What this task involves:
Write out exactly the lines below starting at the one containing "Volkswagen T6 Transporter" and ending at the one containing "Men's Stylish Half-Zip High Neck Sweatshirt". Omit every picture.

*** Data to examine ***

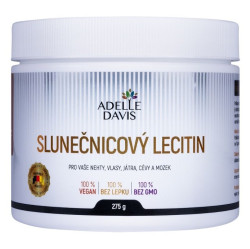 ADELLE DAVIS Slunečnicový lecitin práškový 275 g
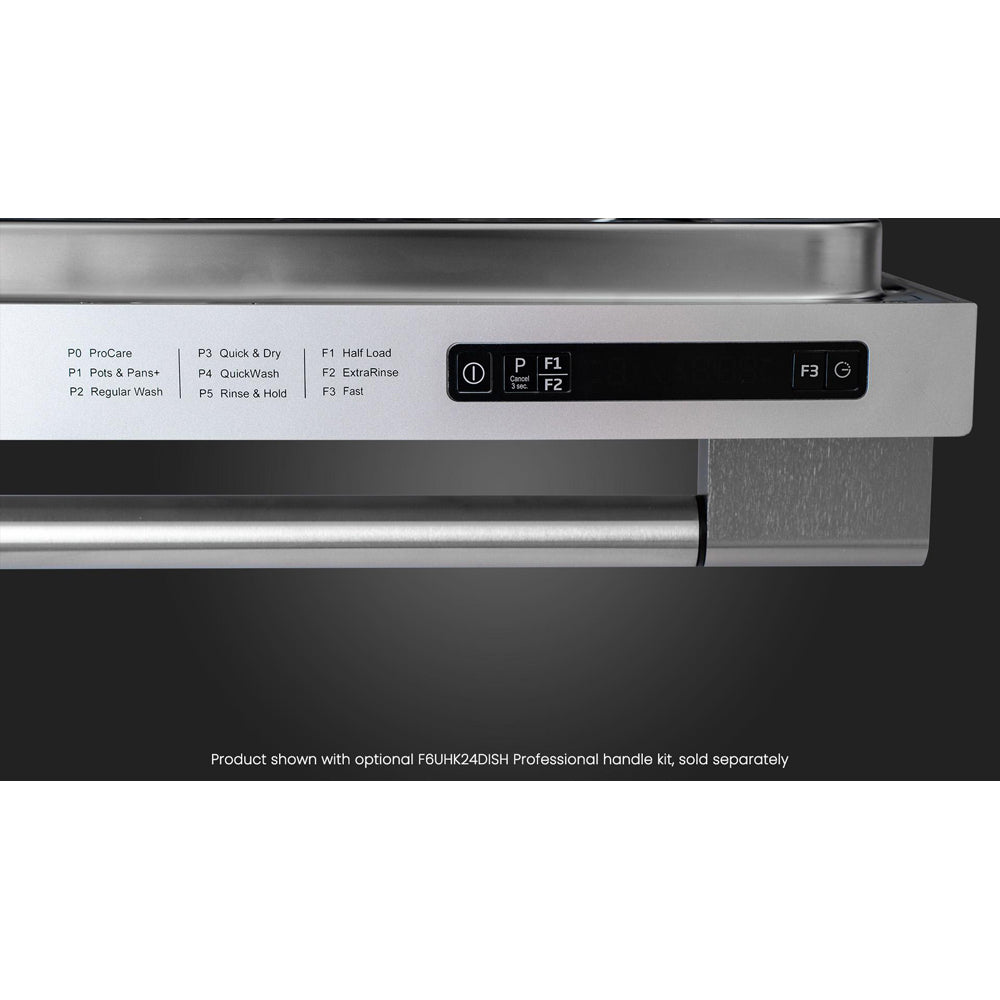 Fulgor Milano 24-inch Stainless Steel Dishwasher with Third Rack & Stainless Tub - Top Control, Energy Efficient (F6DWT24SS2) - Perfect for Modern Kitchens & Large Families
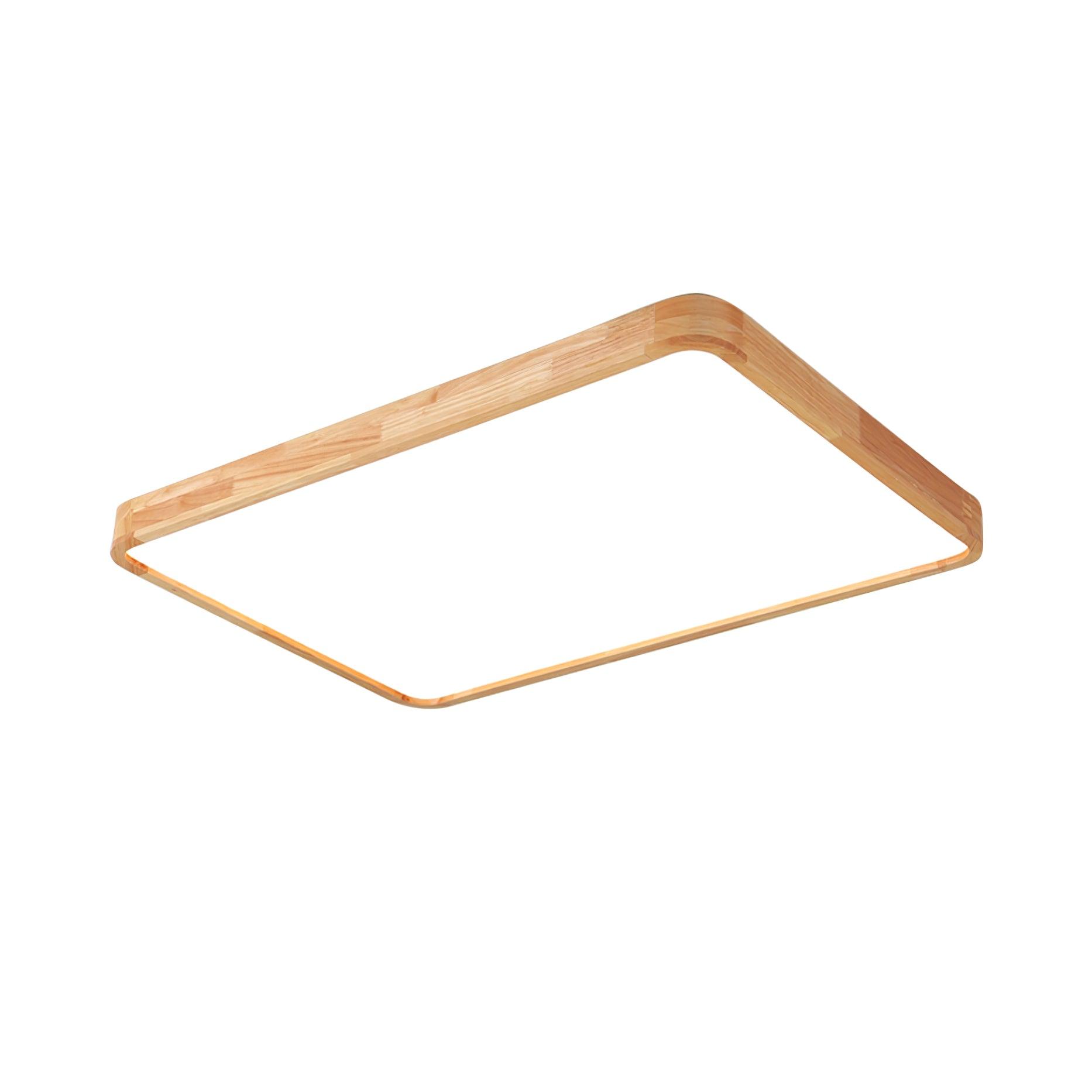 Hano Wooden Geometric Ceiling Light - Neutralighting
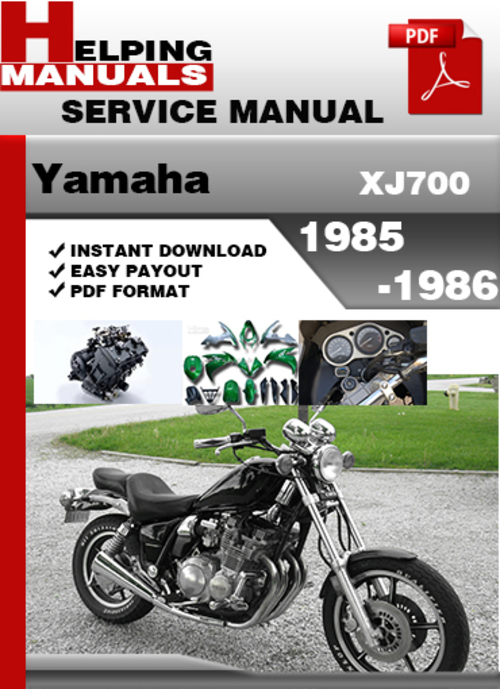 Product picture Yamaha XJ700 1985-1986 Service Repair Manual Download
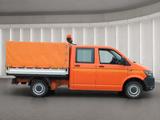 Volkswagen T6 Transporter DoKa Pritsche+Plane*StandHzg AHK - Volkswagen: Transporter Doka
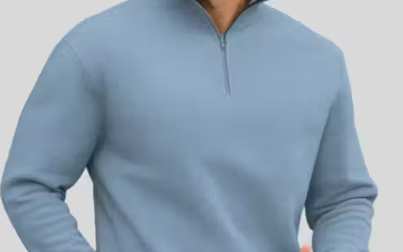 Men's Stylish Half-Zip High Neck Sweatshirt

*** End of Data to examine ***
*** Data to examine ***

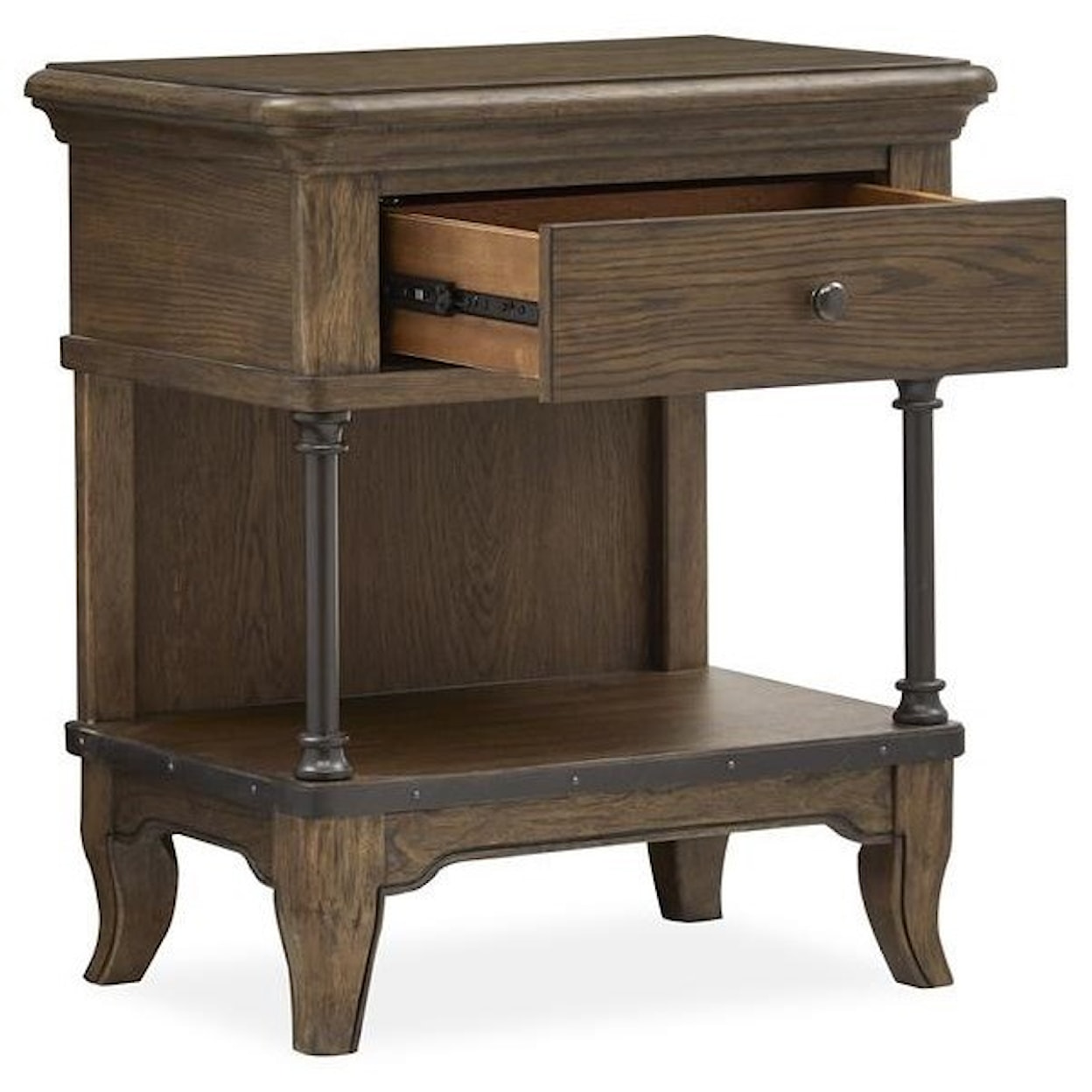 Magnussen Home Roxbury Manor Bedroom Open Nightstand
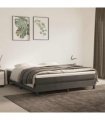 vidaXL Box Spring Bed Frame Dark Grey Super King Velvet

*** End of Data to examine ***

Answer to the problem:
 Volkswagen T6 Transporter DoKa Pritsche+Plane*StandHzg AHK - Volkswagen: Transporter Doka
 Men's Stylish Half-Zip High Neck Sweatshirt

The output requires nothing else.